Je sursaute en entendant Adrián derrière-moi.

– J'ai bien dormi.

– Café ?

– Oui je veux bien merci, mais tu sais je peux me servir.

– Vu que tu marches encore au radar je préfère pas.

– N'importe quoi.

– Si tu le dis.

Je tourne la tête et me regarde dans le miroir, houlà ! Cheveux en bataille, débardeur prêt à se faire la belle et short à l'envers. Je remonte les bretelles de mon débardeur, attrape un élastique et dompte mes cheveux en un chignon.
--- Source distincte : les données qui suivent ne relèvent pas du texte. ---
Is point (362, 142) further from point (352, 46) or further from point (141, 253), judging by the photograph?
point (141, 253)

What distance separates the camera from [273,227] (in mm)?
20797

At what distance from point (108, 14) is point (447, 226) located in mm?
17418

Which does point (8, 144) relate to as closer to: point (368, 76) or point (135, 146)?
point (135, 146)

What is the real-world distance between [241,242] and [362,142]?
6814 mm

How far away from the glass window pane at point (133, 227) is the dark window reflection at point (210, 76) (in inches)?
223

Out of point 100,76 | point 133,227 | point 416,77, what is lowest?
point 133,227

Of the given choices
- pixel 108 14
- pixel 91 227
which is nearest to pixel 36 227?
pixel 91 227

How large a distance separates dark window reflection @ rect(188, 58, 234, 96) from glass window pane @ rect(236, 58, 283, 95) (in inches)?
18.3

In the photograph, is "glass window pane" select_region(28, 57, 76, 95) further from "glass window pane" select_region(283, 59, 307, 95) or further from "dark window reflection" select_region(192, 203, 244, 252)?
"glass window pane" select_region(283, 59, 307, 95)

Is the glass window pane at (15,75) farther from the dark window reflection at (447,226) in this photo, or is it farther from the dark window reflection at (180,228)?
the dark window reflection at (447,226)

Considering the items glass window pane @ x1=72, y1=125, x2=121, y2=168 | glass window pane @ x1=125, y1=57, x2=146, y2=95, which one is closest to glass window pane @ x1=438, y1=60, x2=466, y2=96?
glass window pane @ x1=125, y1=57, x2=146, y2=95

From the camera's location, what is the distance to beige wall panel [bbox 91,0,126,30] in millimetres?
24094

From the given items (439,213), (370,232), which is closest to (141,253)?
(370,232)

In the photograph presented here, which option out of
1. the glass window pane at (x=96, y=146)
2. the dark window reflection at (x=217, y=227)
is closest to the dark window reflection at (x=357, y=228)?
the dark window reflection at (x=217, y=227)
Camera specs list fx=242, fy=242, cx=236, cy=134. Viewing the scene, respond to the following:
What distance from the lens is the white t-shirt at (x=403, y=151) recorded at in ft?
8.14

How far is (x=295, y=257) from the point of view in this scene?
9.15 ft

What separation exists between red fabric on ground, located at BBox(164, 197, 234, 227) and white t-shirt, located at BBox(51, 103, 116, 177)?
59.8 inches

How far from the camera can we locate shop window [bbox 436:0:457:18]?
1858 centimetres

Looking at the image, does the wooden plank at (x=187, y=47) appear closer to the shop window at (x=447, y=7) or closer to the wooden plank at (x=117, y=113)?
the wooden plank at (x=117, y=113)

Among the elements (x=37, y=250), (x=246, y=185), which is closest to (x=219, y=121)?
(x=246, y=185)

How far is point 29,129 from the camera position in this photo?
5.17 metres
Je me frotte les yeux et lisse mon visage.

– J'aimais bien le style sauvageonne mais c'est vrai que celui-ci te correspond plus. dit-il.
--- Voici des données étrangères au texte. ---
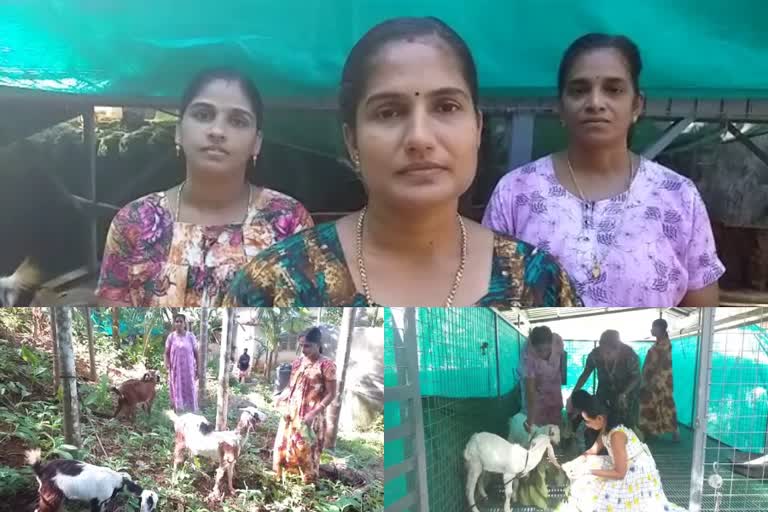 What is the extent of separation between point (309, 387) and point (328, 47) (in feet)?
4.08

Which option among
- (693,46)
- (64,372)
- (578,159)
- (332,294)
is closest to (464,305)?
(332,294)

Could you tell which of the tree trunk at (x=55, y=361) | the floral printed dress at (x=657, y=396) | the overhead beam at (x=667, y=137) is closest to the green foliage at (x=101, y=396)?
the tree trunk at (x=55, y=361)

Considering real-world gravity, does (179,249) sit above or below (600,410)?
above

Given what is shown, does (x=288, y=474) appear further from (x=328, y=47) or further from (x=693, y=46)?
(x=693, y=46)

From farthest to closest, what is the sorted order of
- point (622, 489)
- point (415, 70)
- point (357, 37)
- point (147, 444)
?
1. point (147, 444)
2. point (622, 489)
3. point (357, 37)
4. point (415, 70)

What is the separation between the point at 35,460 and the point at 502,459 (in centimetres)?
183

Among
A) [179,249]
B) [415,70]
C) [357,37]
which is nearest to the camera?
[415,70]

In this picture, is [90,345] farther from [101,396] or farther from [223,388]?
[223,388]

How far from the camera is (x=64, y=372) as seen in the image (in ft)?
8.38

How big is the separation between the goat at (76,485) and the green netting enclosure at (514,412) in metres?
1.05

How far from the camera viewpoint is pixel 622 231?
2.28 metres

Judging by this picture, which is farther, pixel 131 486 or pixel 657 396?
pixel 131 486

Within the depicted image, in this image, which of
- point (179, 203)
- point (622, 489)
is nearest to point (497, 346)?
point (622, 489)

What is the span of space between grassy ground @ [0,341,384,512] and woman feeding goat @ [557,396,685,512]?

Ne sachant pas comment je dois le prendre, je tends le bras vers le sucre.

– Déjà mit Miss Alice.

– Merci.

– Je vais rentrer plus tôt aujourd'hui.

J'hoche la tête.

– Je voulais savoir si ça vous disiez d'aller aux écuries. continue-t-il.

– C'est gentil mais ne te sens pas forcé.

– Le jour où je me forcerais, ça se verra sur ma tronche et là tu vois quoi ?

Il pointe son visage avec son index. Du coup c'est la première fois que je le regarde vraiment. Il a les yeux d'un vert sapin, profond, il ne s'est pas rasé, il a de jolies lèvres dessinées. Bien que sa peau soit quelque peu tannée par son métier, elle n'a aucun défaut.

– Alors tu vois quoi ? insiste-t-il.

– Mis à part une bouille d'ange rien de particulier.

Il fronce les sourcils, je décide d'en jouer.

– Houlà non, je te prie de m'excuser, je me suis trompée c'était une illusion.

Il relève la tête en arquant les sourcils, je continue sur ma lancée.

– Je vois un beau jeune homme susceptible, apparemment il n'aime pas les anges mais alors pas du tout.

Il sourit en secouant la tête.

– Vous m'accompagnez alors ? demande-t-il.

– Mais ça ne dérange personne ?

– Non au contraire, c'est la période creuse.

– Ok ça marche.

– Je reviens vers 13 heures.

– Tu auras mangé ?

– Non, je grignoterai un truc.

– Ok.

– A toute.

– A toute à l'heure, fais attention.

– Toujours.

Adrián enfile sa veste anti coupe et part travailler. Je ne sais toujours pas pourquoi il est passé d'agent forestier à grimpeur-élagueur, c'est bien plus dangereux. Je lui demanderai quand l'occasion se présentera. Pour le moment je me rends compte qu'il est bien trop tôt pour faire quoi que ce soit. Je prépare le déjeuner de Rose, met les dessins animés et m'installe avec un plaid sur le canapé. Mon regard se perd dans la forêt, se brouille et je m'endors.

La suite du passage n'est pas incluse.